In 1773 a German Pastor by the name of August Ephraim Goeze discovered these tiny animals the size of a sentence period on a newspaper. Goeze called them "little water bears," a nickname that has stuck with them until today. Italian biologist Lazzaro Spallanzani later gave them their scientific name, tardigrades, which means "slow stepper" or "slow walker." Tardigrades have been found everywhere and have very unique characteristics. There are around 1,000 species, and more are being discovered all the time. They are most famous for their resiliency and ability to withstand extreme conditions. Tardigrade fossils have been found as far back as 520 million years ago.
August Ephraim Goeze had described them as little water bears because they walk like bears. They are also known as moss piglets. When they are born, they are very tiny at 50 micrometers in length, but they can grow up to 1,500 micrometers and average about 500 micrometers. Tardigrades are nearly see-through but you can see them under the right light with the naked eye. However, most researchers observe them through microscopes at a 20-30 power magnification.
Researchers view them as miniature animals. They are barrel-shaped and have an alimentary canal where food is transported through to be absorbed. They have a brain and an open body cavity called a hemocoel. This body cavity is filled with fluids and nutrients that reach every part of their body. They have a well-defined head and four body sections. Each section has its own pair of legs, for a total of eight legs. Three of the pairs of legs are for walking and the last pair is for grasping and maneuvering.
Like most animals, tardigrades have both male and female sexes. However, some tardigrades can self-fertilize, and some can reproduce without fertilization. Tardigrades grow eggs inside their body or they attach them to nearby surfaces. Their eggs take no more than 14 days to grow and are born with fully adult cells. Their cells will not divide for the rest of their lives but will grow in size.
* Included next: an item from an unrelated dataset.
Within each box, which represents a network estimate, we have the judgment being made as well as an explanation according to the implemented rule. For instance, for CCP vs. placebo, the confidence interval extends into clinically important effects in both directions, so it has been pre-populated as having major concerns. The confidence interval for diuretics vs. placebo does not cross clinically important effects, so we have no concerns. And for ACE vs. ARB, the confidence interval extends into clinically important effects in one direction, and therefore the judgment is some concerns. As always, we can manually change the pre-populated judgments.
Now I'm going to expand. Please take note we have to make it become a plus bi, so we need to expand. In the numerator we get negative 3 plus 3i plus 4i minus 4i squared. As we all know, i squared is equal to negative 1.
You can find them anywhere from the Arctic to the equator. They can live in water, sand, moss, and flowers. Their ubiquitous presence is a testament to their ability to adapt to its surroundings. They can survive extreme pressures, temperatures, heavy radiation exposure, high salinity environments, and even low oxygen conditions. They can go without food for up to 30 years.
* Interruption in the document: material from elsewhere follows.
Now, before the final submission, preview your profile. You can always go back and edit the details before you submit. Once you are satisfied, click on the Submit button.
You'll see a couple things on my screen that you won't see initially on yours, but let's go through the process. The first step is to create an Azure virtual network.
Although it may be possible to see tardigrades with the naked eye, a microscope is best. One way you can find them is collecting some moss or lichen. Place it into a shallow dish like a petri dish and soak it in rainwater or distilled water for three or more hours. Squeeze the water out into another petri dish to collect it. Use the microscope to examine the contents of the dish. Once you have confirmed that your sample contains tardigrades you could further transfer the tardigrades into a slide to view under a higher power microscope.
As tiny animals with only six slow-moving legs, you would think getting around must be a hassle. However, tardigrades do not have to walk everywhere. One of the reasons we find them everywhere is that they get carried by the wind and water currents easily just like pollen, spores, or seeds. They go wherever the wind blows them, but most environments are not ideal for tardigrades. In those cases, a discontent tardigrade just needs to wait until the next gust of wind takes them to another tree or flower.
Tardigrades do not exist in one state at all times. The ability to resist harsh conditions is a result of their ability to change morphology. In addition to its active state, tardigrades are capable of five other states called anoxybiosis, encystment, cryobiosis, anhydrobiosis, and osmobiosis. Anoxybiosis and encystment are states for low oxygen and unfavorable conditions without losing water, respectively. Cryobiosis, anhydrobiosis, and osmobiosis are states for freezing temperatures, extremely dry conditions, or high salinity conditions. In these states, they can survive almost anything.
Because it is unlike any other animal, we do not yet fully understand its contributions to the local ecosystem. However, tardigrades are great for studies and scientific research. Understanding their ability to survive could lead to a multitude of applications in society. For instance, their ability to survive high amounts of radiation suggests that they have a good process for repairing their DNA, which might one day be helpful to those undergoing cancer treatments.
In 2007, tardigrades were exposed to lethal outer space conditions. European researchers took a sample of water bears on a mission to expose them directly to solar radiation and the vacuum of space. When the tardigrades returned to earth and were given water, they reactivated out of their cryptobiotic state and behaved as if nothing had happened.
We are finding tardigrades everywhere and that they are remarkably resilient. Researchers continue to study them to figure out its mysteries. Understanding how a tardigrade can survive such extremes can have a multitude of applications in human medicine, engineering, biology, and chemistry. To this day, we are still finding new species of tardigrades all the time. Are they found just on earth? Even though no human has been to other planets in our solar system, it would not be surprising to find them on other planetary bodies. Tardigrades are the ultimate survivors.